It’s fun baseball, it’s spirited baseball, it’s baseball played by players who play with nationalistic zeal and fervor you’d rather see applied to sports than geopolitical conflict. The two teams that are left, Puerto Rico and the Dominican Republic, have treated this tournament like they’re on a mission. They take this stuff pretty damn seriously (and their fans take it pretty damn loudly, as those beeping airhorns will attest). It’s not a grim endeavor, though. All these teams have lit up the screen with their zest for baseball and life, in roughly that order. Team USA, whoever was missing from it, was really into it, but they just couldn’t advance. They lost Captain America and they were helpless against the worldwide phenomenon known as Nelson Figueroa, our once-upon-a-time proto-Dickey. Figgie, who you’ll recall grew up in Brooklyn rooting for the Mets, pitched Puerto Rico into the semifinals at the expense of Team USA. And what Brooklyn kid doesn’t dream of sticking it to his own country?
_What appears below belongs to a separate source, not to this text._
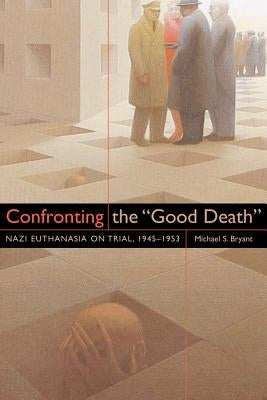 Confronting the Good Death: Nazi Euthanasia on Trial, 1945-1953 by Bryant, Michael S.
(Figueroa, by the by, isn’t and looks nothing like Team Puerto Rico third baseman Andy Gonzalez, something the MLB Network’s sideline reporter Heidi Watney couldn’t figure out despite the presence of names on the backs of uniforms, as this most gruesome clip will attest.)
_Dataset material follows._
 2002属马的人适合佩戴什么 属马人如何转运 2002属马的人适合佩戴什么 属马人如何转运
I only semi-understand how Puerto Rico, part of the USA, gets its own team and I only semi-understand why someone from the five boroughs of New York City gets a starring role on the team going up against the country New York is in and I’m only semi-invested in the overall outcome, but that’s OK. The WBC is worth a piece of my baseball attention. I loved watching Wright and Dickey play for the USA, I loved watching Reyes simultaneously play and cheer for the Dominican but now that we’re down to two, I think I’m loving Team Puerto Rico most of all. Partly for the Island of Lost Mets effect — Figueroa, Beltran, Jesus Feliciano, the wins-wherever-he-goes Angel Pagan — but more because it seems like it will give Puerto Rican baseball a boost. When the Mets turned Thunder Island into Blunder Island in 2010 as they traveled extra south to play the Marlins, we were informed that the state of the commonwealth’s once signature sport was in disarray. That saddened me. The land of Roberto Clemente? The land of Felix Millan? The land of Roberto Alomar? (OK, strike that last one.) Maybe the WBC was designed in part to sell caps and jerseys, but if its broader mission is to spread the baseball gospel internationally, then I’m all for the place where it’s going to do the most good.
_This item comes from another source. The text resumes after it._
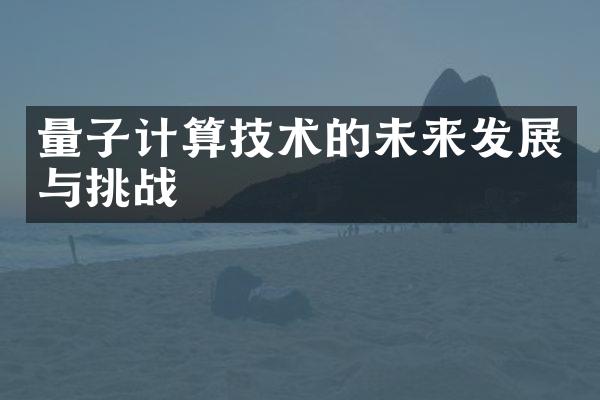 量子计算技术的未来发展与挑战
Unless I look deep into Jose’s beard tonight and forget all that and root for the DR. Or I’m overwhelmed by yet another note that more WBC history is being made in this, the Classic’s third incarnation EVER, and I flip to WKRP In Cincinnati on Antenna TV instead.
Nah, I probably won’t do that. It’s baseball. It’s competitive. It’s at beautiful Phone Company Park in San Francisco. It’s without Matt Vasgersian. It’s with Jose Reyes and Carlos Beltran. It’s a safe distance from David Wright’s torso. “Classic” may be overstating its case, but it’s got nothing beat by a mile.